Voir aussi nos nouvelles des universités.
Sur le site du collectif Poolp:
Université de Toulon : après les CRS, la chasse aux sorcières.
Le président de l'université de Toulon n'avait pas hésité à faire appel aux CRS pour mettre fin aux piquets de grève dans son université, contribuant ainsi à enrichir le palmarès d'universités "débloquées" tenu par la ministre, comme à Caen ou encore à St-Etienne (à présent en fermeture administrative). Après la répression contre les étudiants, c'est au tour de onze membres du personnel (Biatos, ITRF, enseignants et enseignants-chercheurs), qui ont reçu une lettre leur annonçant une retenue sur salaire de 98 jours (il semble d'ailleurs incompréhensible que l'université de Toulon et/ou le ministère aient laissé passer plus de 3 mois avant de prévenir les personnels d'un décompte en bloc des jours de grève). On appréciera particulièrement, dans cette lettre, ce passage : "Par ailleurs, il est constant que vous avez participé aux manifestations organisées par les personnels grévistes et exprimé votre soutien au mouvement de grève". On peut relire aussi ce billet de Poolp, ainsi que celui-ci.
Télécharger la lettre envoyée par le président de la fac de Toulon
Voir aussi cette page:
http://www.cuverville.org/breve78866.html
Dans la presse:
- Enseignants grévistes : 98 jours de salaire en moins - Var Matin, 15 mai 2009
- Les premières retenues de salaire tombent contre des profs grévistes, par MARIE PIQUEMAL, Libération 15/05/09
http://www.liberation.fr/societe/0101567519-facs-des-retenues-de-salaire-tombent-a-toulon
Le président de l'université de Toulon menace de retirer 98 jours de salaire à une dizaine d'enseignants et personnels grévistes. «Il s'agit d'une proposition de retenue, pas d'une sanction en tant que telle», rectifie-t-il.
Le gouvernement a prévenu. Les enseignants-chercheurs grévistes auront des retenues de salaire. Jusqu'ici,
les présidents d'université s'en étaient tenus à des rappels à l'ordre,
verbaux ou par mails, plus ou moins intimidants. A la fac de Toulon, le
président est passé au cran supérieur, comme le révèle Var-Matin.
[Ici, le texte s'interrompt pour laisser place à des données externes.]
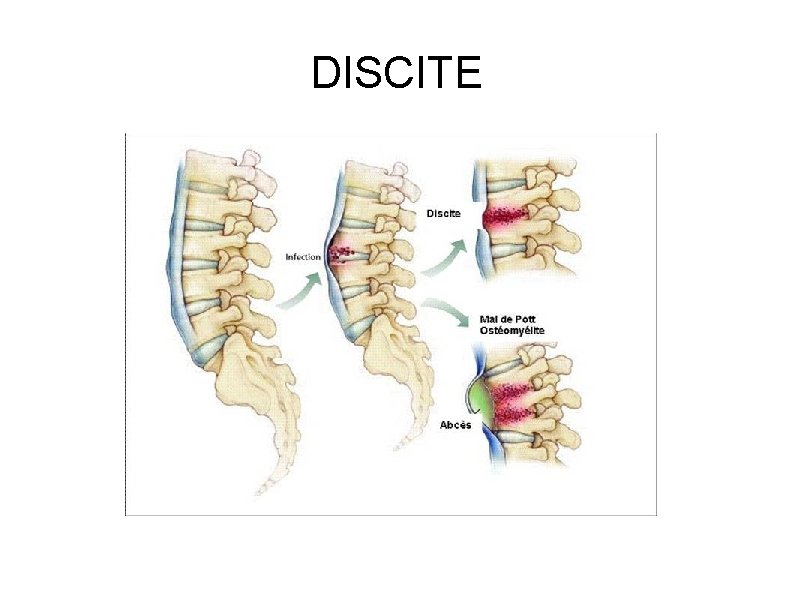 DISCITE 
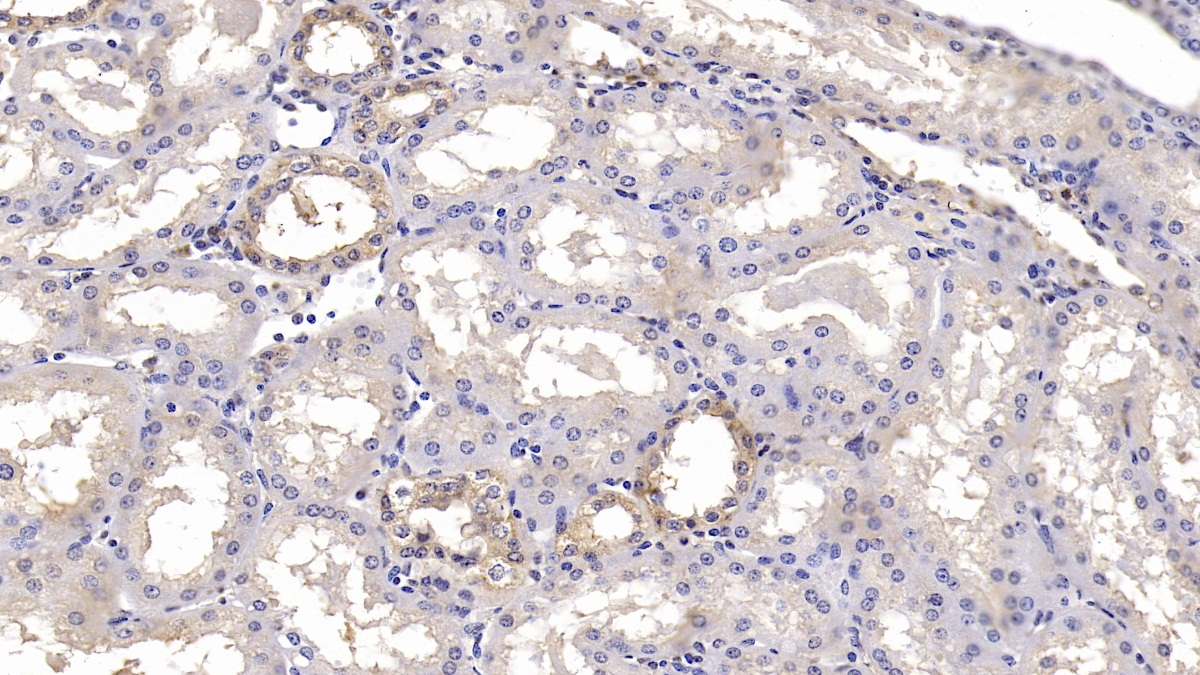 Monoclonal Antibody to Calnexin (CNX)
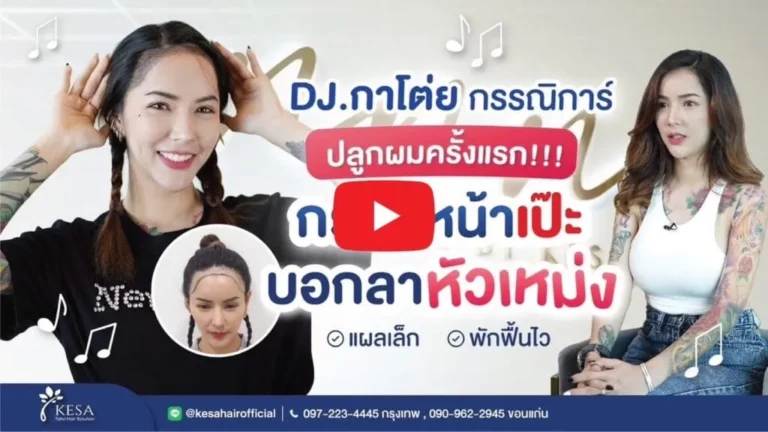ปลูกผมผู้หญิง เกศา คลินิก - kesa hair clinic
Dans un courrier adressé à plusieurs enseignants, et que Libération.fr s'est procuré, le président Laroussi Oueslati annonce: «Je
vous informe que l'Université entend faire application des textes
législatifs et procède à une retenue des trentièmes de votre
rémunération mensuelle pour les jours de grève où il a été constaté que
votre service n'a pas été ou a été partiellement accompli.»
A ce jour, onze enseignants-chercheurs et personnels administratifs (Biatos) ont reçu cette lettre recommandée,«rigoureusement identique pour chacun d'entre nous et quelque soit notre implication dans le mouvement d'ailleurs», s'indigne ce matin Cédric Garnier, maître de conférences en chimie de l'environnement.
«98 jours de salaire en moins» Le jeune prof est en colère, et dénonce le mépris de la l'administration. «Avec cette mesure, on a le sentiment que notre président méconnaît la nature de nos fonctions. Sinon, il saurait que ce n'est pas parce qu'on est en grève, qu'on ne bosse pas. Pour la plupart, on a continué nos activités de recherche pendant ces trois mois.»
Là réside toute la difficulté. Comment savoir si un enseignant-chercheur est gréviste? La règle de base, valable pour tous: si le salarié est absent sans justificatif alors qu'un préavis de grève est en cours, il est considéré comme gréviste par sa direction.
Sauf que pour les enseignants-chercheurs, le contrôle est difficile. D'abord parce que leurs heures d'enseignement sont annualisées. «Une des maîtres de conf' a reçu une lettre alors qu'elle n'avait pas de cours programmé de tout le second semestre», souligne Cédric Garnier. Ensuite, parce que les activités de recherche ne se mesurent pas par des heures passées dans les labos ou les bureaux des universités.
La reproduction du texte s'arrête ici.